PROBLEM DESCRIPTION >>
Transcribe the entries below word for word, beginning at the line with "Zip Code Map Of Miami" and stopping after the line with "グッチ GUCCI 幅4cm 牛革 ベルト メンズ"; drop all pictures.

DATA TO USE >>
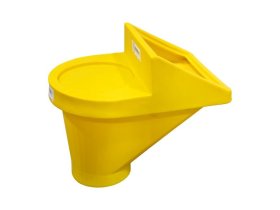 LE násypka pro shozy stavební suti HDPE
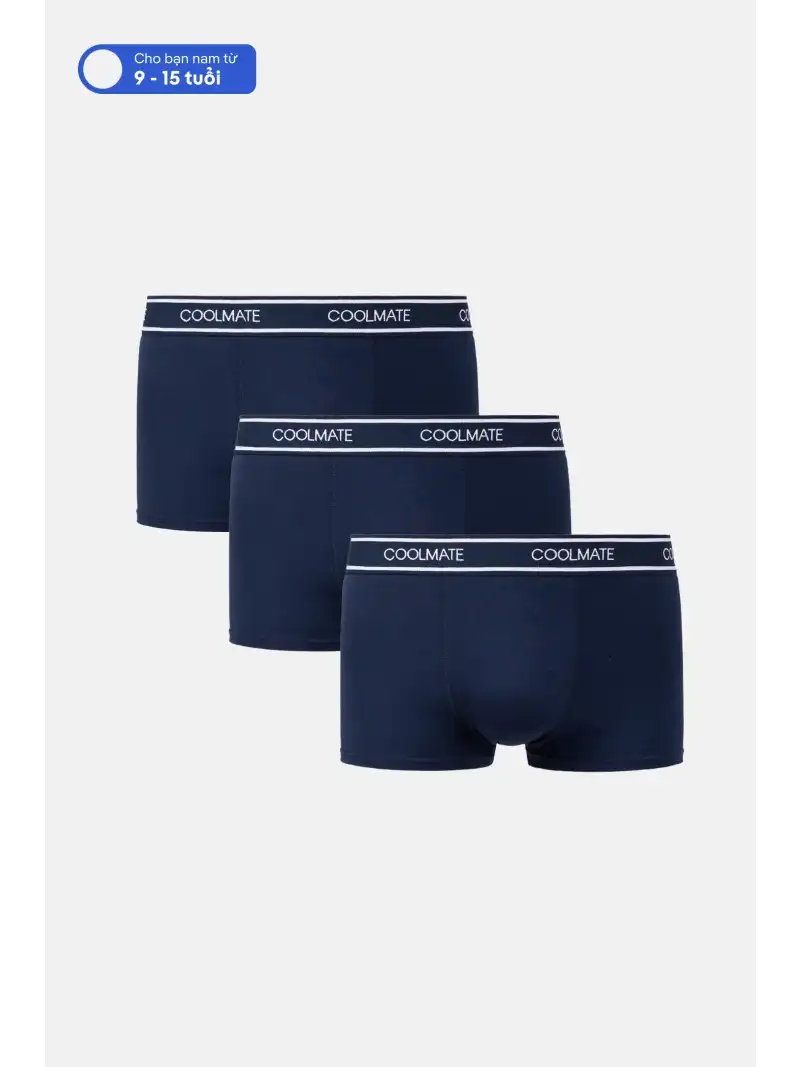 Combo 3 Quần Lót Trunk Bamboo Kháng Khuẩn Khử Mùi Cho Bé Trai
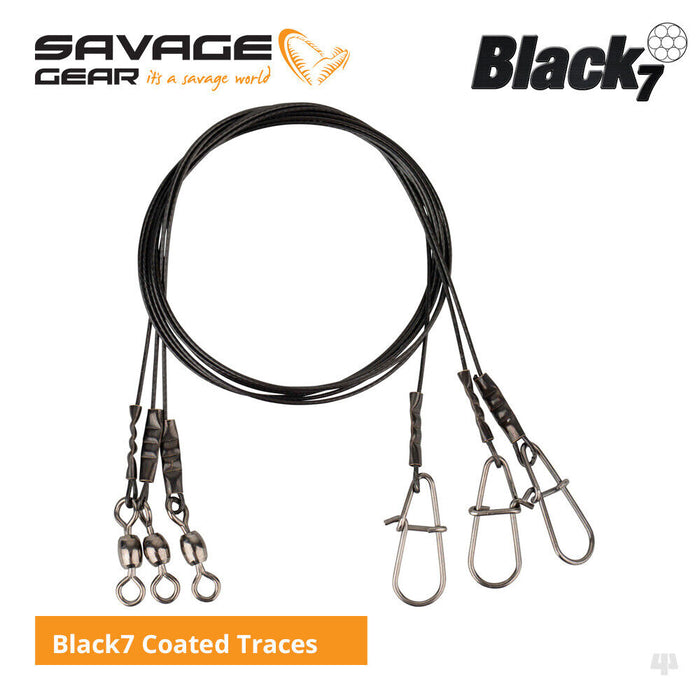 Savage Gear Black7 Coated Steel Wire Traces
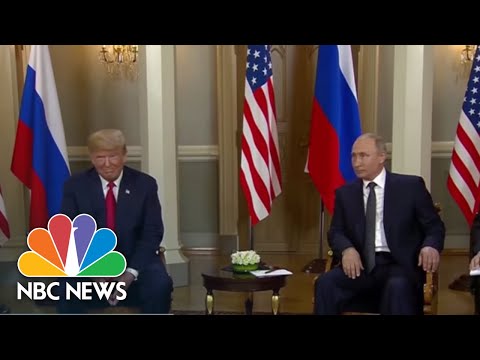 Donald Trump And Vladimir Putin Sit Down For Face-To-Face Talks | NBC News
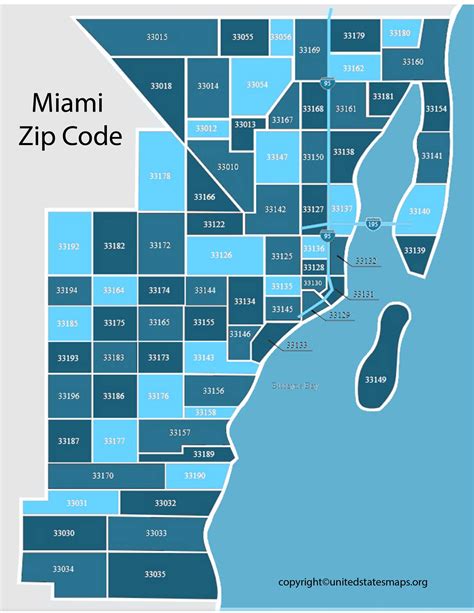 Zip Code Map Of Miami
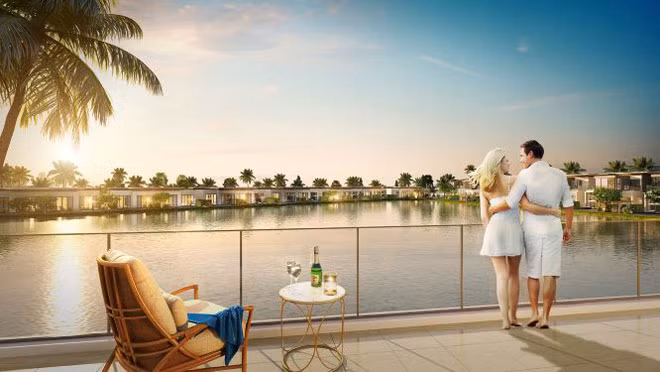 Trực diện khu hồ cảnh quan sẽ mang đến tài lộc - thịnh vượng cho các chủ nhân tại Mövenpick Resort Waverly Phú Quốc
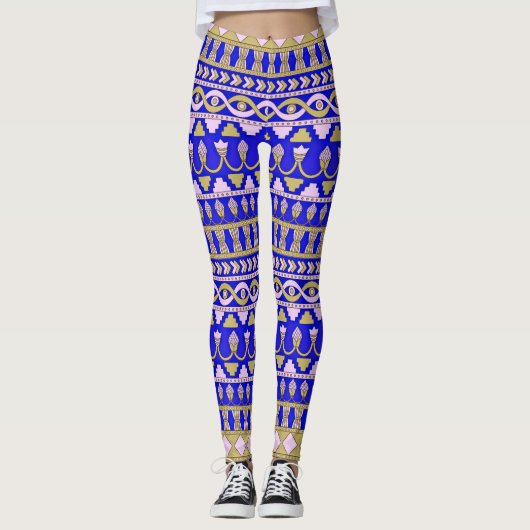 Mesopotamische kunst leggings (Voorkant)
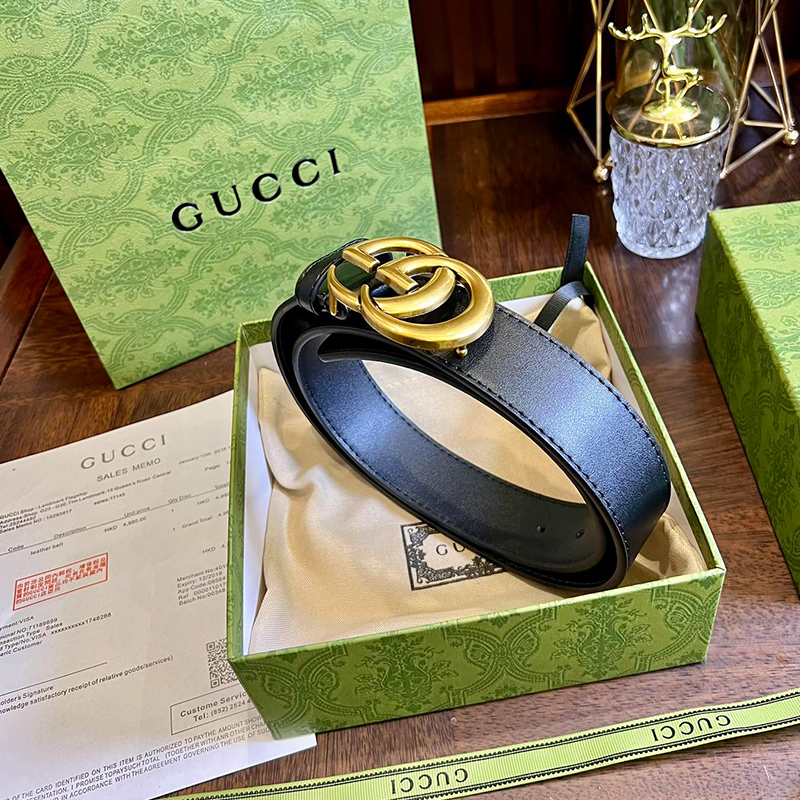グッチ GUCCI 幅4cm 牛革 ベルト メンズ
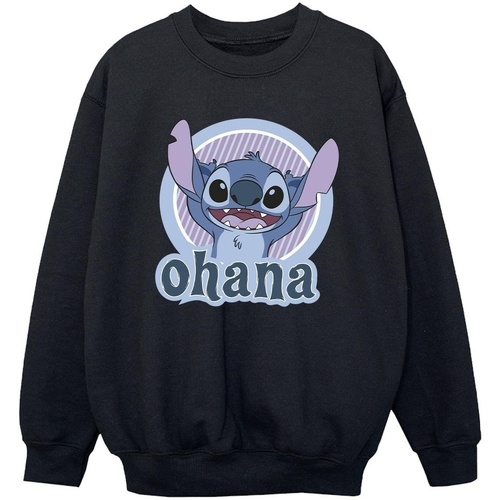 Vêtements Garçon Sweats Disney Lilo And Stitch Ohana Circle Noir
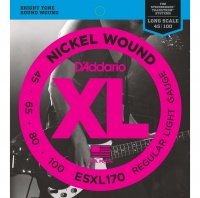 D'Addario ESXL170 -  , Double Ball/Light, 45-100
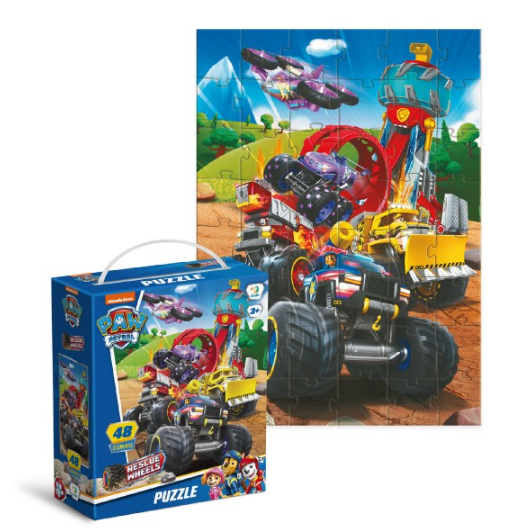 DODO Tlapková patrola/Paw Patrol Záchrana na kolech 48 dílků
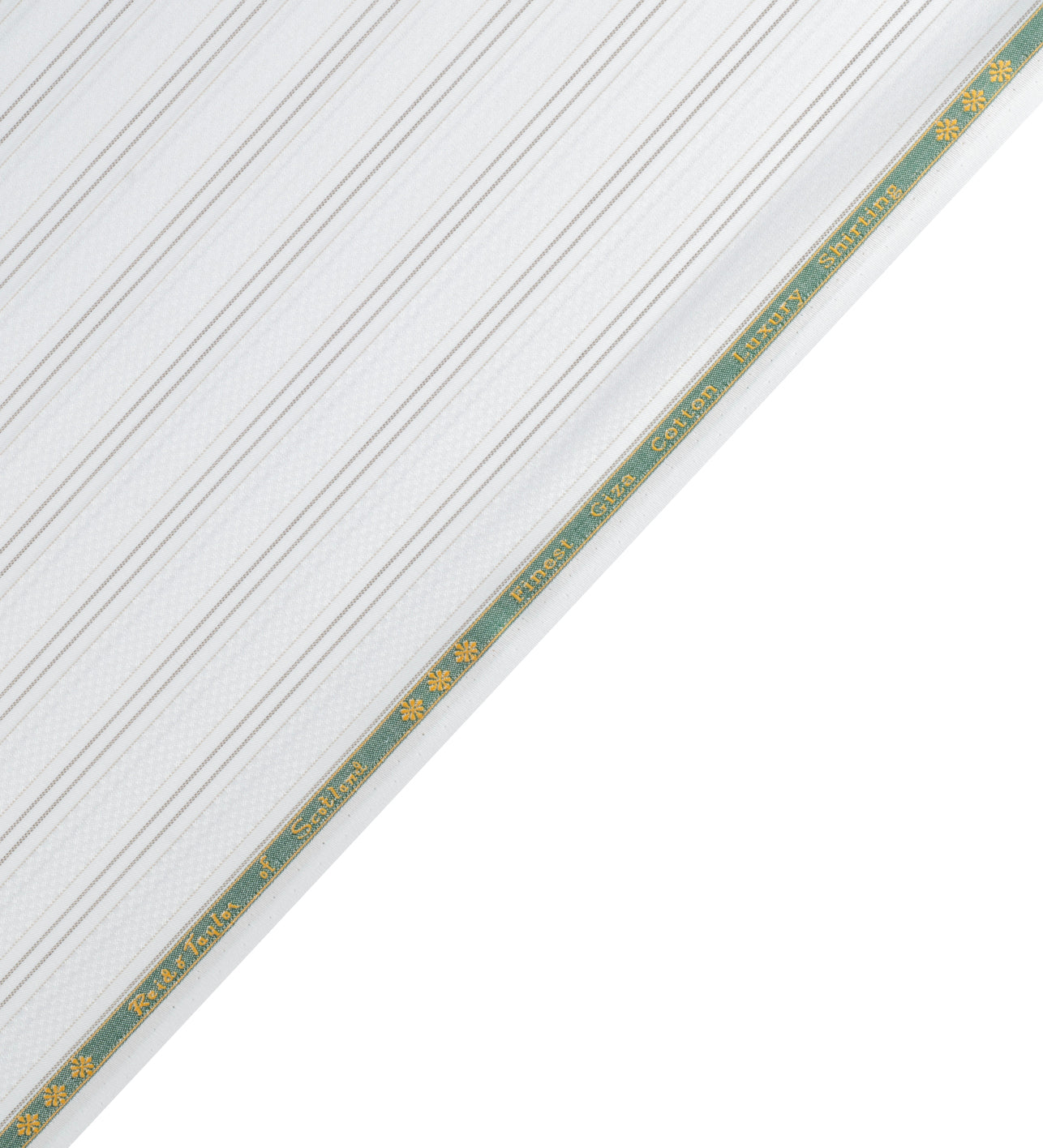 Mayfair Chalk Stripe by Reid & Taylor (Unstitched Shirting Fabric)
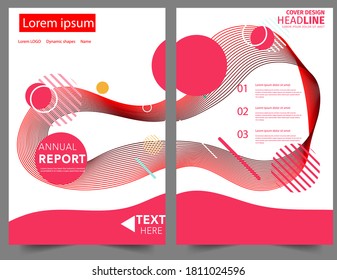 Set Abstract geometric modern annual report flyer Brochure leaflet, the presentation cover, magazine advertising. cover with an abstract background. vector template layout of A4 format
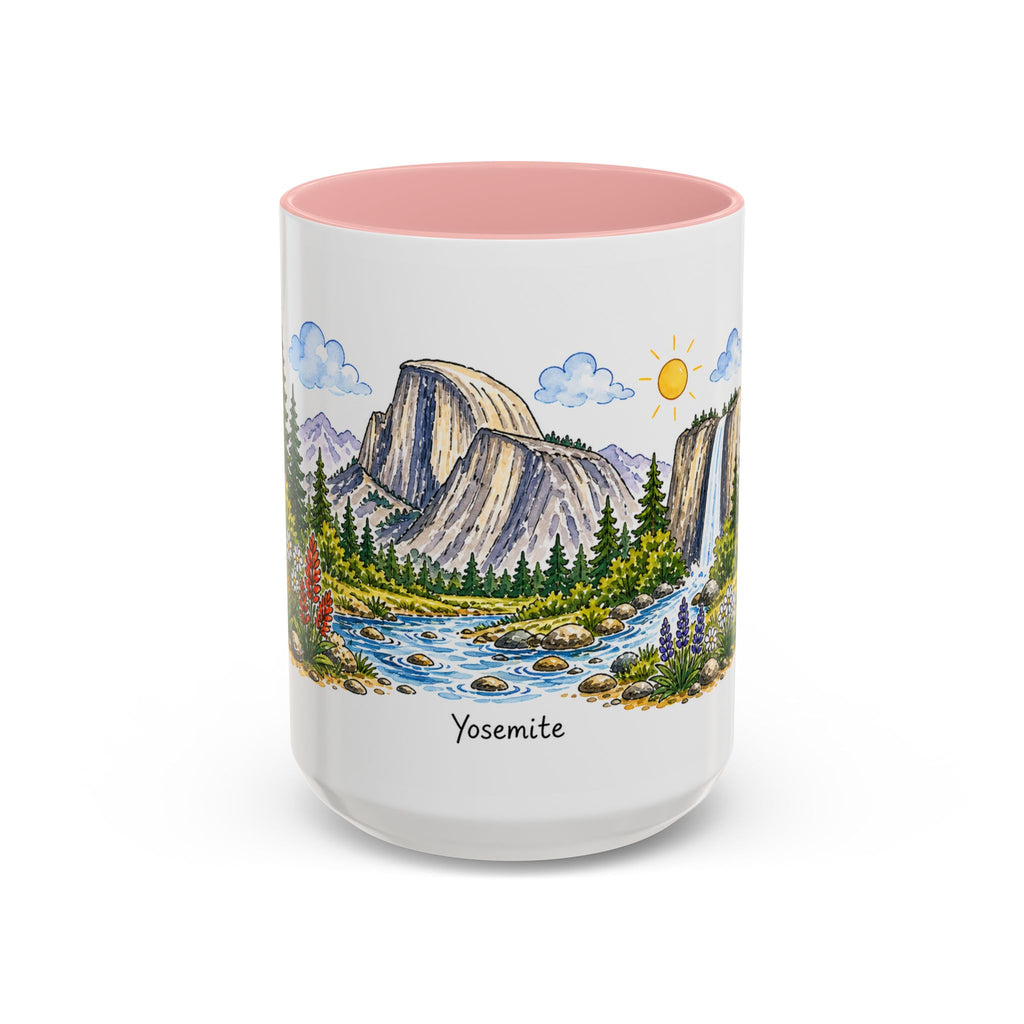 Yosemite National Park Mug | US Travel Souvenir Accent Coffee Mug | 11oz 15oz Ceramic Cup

FINISHED EXERCISE >>
 Zip Code Map Of Miami
 Trực diện khu hồ cảnh quan sẽ mang đến tài lộc - thịnh vượng cho các chủ nhân tại Mövenpick Resort Waverly Phú Quốc
 Mesopotamische kunst leggings (Voorkant)
グッチ GUCCI 幅4cm 牛革 ベルト メンズ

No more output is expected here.